Si salvò per miracolo, lui che i miracoli gli aveva sempre liquidati come superstizioni inventate dai potenti per mantenere il controllo sul popolo. Anzi fece di più: negò i miracoli proprio per salvare l’esistenza di Dio. Se Dio li avesse fatti – ragionava Spinoza – avrebbe violato le leggi di natura da lui stesso fissate in modo inviolabile. Certo: si può sempre sostenere che quelle leggi non funzionano, e allora Dio ha sbagliato a farle (ma può un Dio sbagliare?), oppure, se funzionano, non c’è motivo che Dio le cambi.
Per queste e altre eresie (come la negazione del finalismo) fu costretto a scappare dalla sua città, a rinunciare alla filosofia, almeno pubblicamente, per dedicarsi alla fabbricazione di lenti. Da ostico divenne ottico, e ciò gli consentì di vedere cose che mai avrebbe visto se fosse stato un filosofo ammirato e adulato. Scrisse libri meravigliosi e difficili ma fu costretto a pubblicarli in modo anonimo (Il Trattato teologico-politico) o non pubblicarli affatto (l’Etica).
Del resto, chiunque gli si fosse avvicinato, per prendere lezioni da lui, sarebbe stato a sua volta maledetto e allontanato dalla Sinagoga e dalla comunità dei credenti ortodossi. Cane, diavolo e infedele sono alcuni dei gentili epiteti che gli rivolsero.

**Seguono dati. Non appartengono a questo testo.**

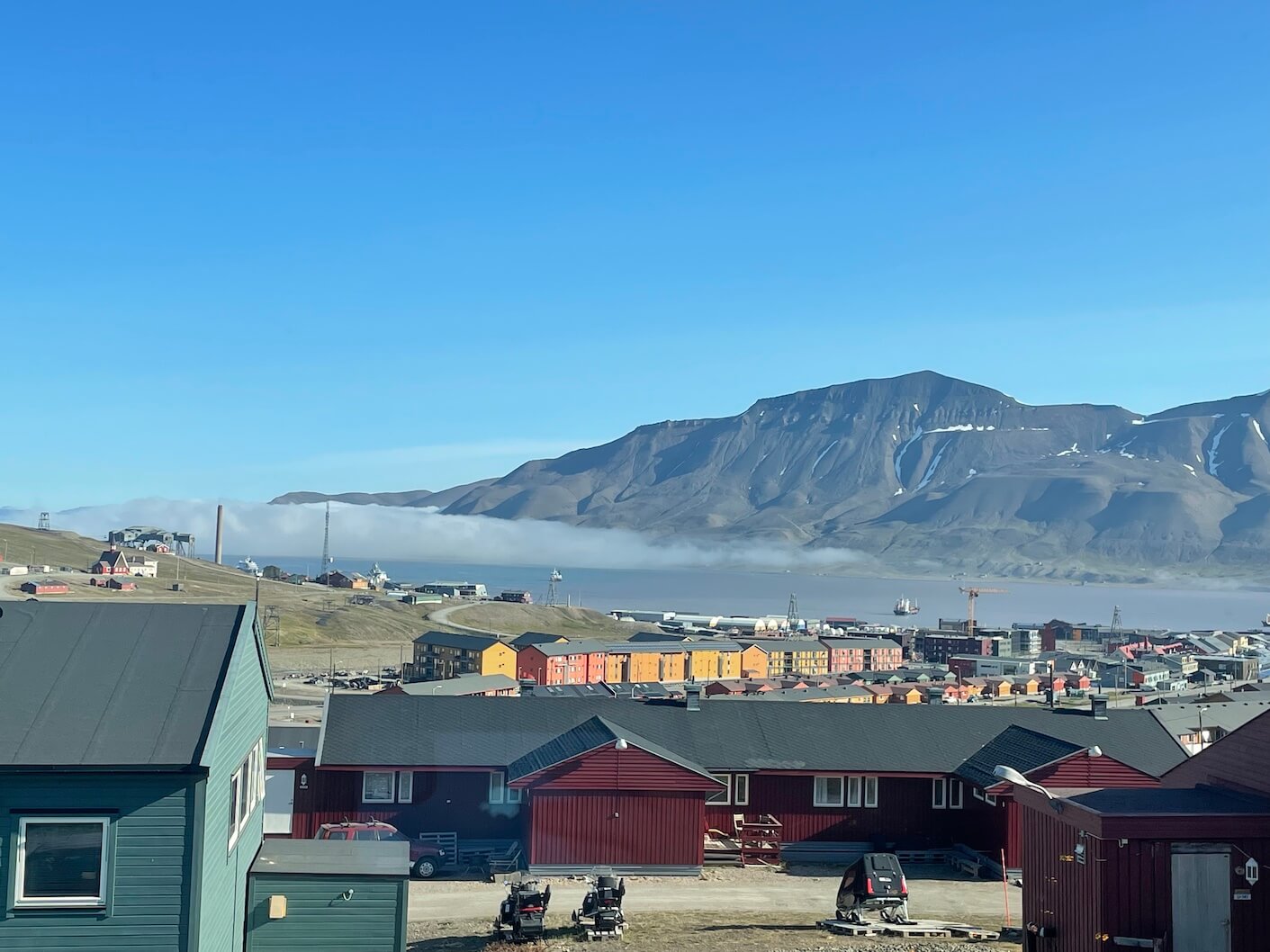 low-lying fog in the fjord by Longyearbyen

In realtà Spinoza, più che mettere in discussione l’esistenza di Dio, il quale è quello che deve essere indipendentemente dalle idee più o meno strane che possiamo farci di lui, mise in discussione la sacralità delle scritture. E sapendo che gli uomini, per ignoranza o per convenienza, potevano travisarne il senso, pensò che fosse necessario un altro dio per interpretarle. Incaricò infatti Hermes di metter in guardia gli uomini da una cattiva interpretazione della Bibbia e fondò l’ermeneutica cioè la scienza dell’interpretazione dei testi sacri.
Apriti cielo! Ad Hermes, un dio pagano, un dio del logos, venivano date le chiavi per accedere alla parola di Dio? Che cosa era mai questa? Che c’entravano la fede, l’obbedienza, i sacri misteri con le definizioni e le dimostrazioni? All’amore di Dio sostituì il more geometrico, cioè la fede nella scienza, nel rigore, nella ragione. E questa libertà di filosofare gli rivelò che Dio, se proprio vuole qualcosa, vuole che l’uomo sia felice. Più che un diritto, quello della letizia è un conatus, cioè un irrefrenabile desiderio di potenza. Ma la potenza per Spinoza non il è potere (che lui combatté sia nella forma dell’assolutismo politico che in quella del settarismo religioso), ma la potenzialità, o meglio, la realizzazione delle proprie possibilità, della propria natura. Solo un uomo o un nume invidioso può negare il diritto dell’uomo alla letizia. Ma un uomo invidioso può esistere, un Dio invidioso no, altrimenti non sarebbe un Dio.